My pet peeves center on grammar and word-usage. I feel uncomfortable about them, yet I revel in them. Many years ago I was chastened when criticized for laughing at someone’s mispronunciation of a particular word. I’ve long since forgotten the word, but it was pointed out that those who mispronounce words often do so because they read, never having heard the word in spoken English. In the same vein, is recoiling in feigned horror or laughing at “improper” grammar or word usage equally elitist?
Or is it innate in my mental makeup? Surely, it exercises the intellect – for example, when I’m attempting to determine whether someone’s usage of “me” instead of “I” is correct, particularly in a convoluted or recursive sentence featuring one or more embedded phrases and clauses. I enjoy figuring out what is the subject, the object, and which verb is controlling. The same mental gymnastics are required when trying to figure out the meaning of “I couldn’ fail to disagree less.”
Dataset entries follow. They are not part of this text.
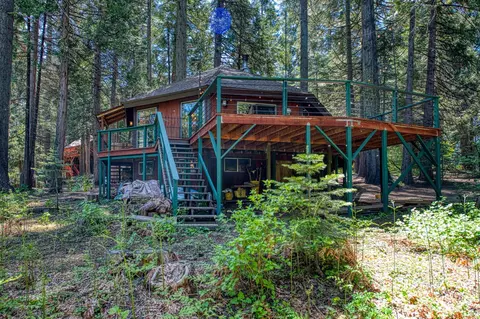 42272 Hanging Branch Rd, Shaver Lake, CA 93664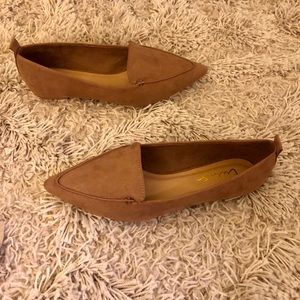NEW IN BOX LULUS “EMMY” POINTED TOE FLATS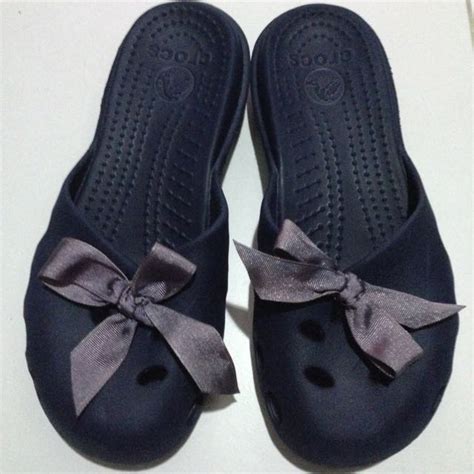 CROCS Sandals, Women's Fashion, Footwear, Sandals on Carousell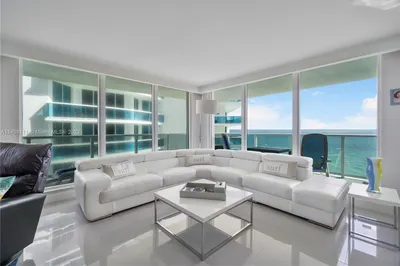 2751 S Ocean Dr #1404N 1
Having apologized for what can be termed misplaced elitism, if such a thing exists, here are three of my linguistic Pet Peeves:
“Exact same”. I claim ownership of this one, as I’ve not seen discussions of this term anywhere else. “Exact” and “same” are adjectives. I don’t know what an “exact” thing is. Is it measured with a micrometer? Is there something precise about it? I understand “exactly the same thing,” where “exactly” is the adverb it should be. I’m at a loss as to what an “exact same thing” is. Recently, I reviewed a brief where the drafter made the point that a law firm had filed virtually the same brief in half a dozen cases, characterizing them as “near identical” briefs. I suggested changing the characterization to “nearly identical”, observing that the brief was “near” only if he’d printed it out and held it close to his glasses. He wrote back generally agreeing, but cited several published California appellate cases where the courts, surely aided by crack law clerks with Order of the Coif credentials, had used the exact same phrase. (Whoops.) To humor me, the brief was filed using “nearly identical” to describe the similarities.
“Chaise Lounge”. This is a corruption of the correct “chaise longue”, from French. When I see this, I think of “lounging” in an airport lounge waiting for a flight, rather than the reclining seat next to the pool at the resort I wish were the termination of my flight. Merriam-Webster online suggests that English speakers were more comfortable importing this French term for a “long chair” as “lounge” because they wanted a word with spelling they knew and unambiguous pronunciation. I dunno. I once pointed out to a newspaper columnist his error in a column he wrote. He, an adherent to the belief that proper English is that which the people speak, acknowledged the etymology of the word, but disputed that he’d made an error.
Finally, “Nonplussed.” My favorite, because its common (incorrect?) meaning is the one almost universally used by current American writers, and it is used to convey the near opposite (whoops again) of the original meaning. I’ve never heard anyone say “nonplussed” in ordinary speech, but it comes up often in opinion columns and other popular writing. The original meaning, “Astonished to the point of being unable to speak”, or loosely, “perplexed or unsure of what to say” also comes from French, non plus or “nothing more.” Now, in this country, at least, it signifies a state of being unimpressed, as in “I was nonplussed by the candidate’s speech.”
The nicely perverse consequence of pet peeves like this is that the more widespread the error, the more proper its usage becomes. In France, I believe there’s a commission that certifies acceptable words. English speakers, of course, wouldn’t put up with nonsense like that. We’d be nonplussed by their suggestions.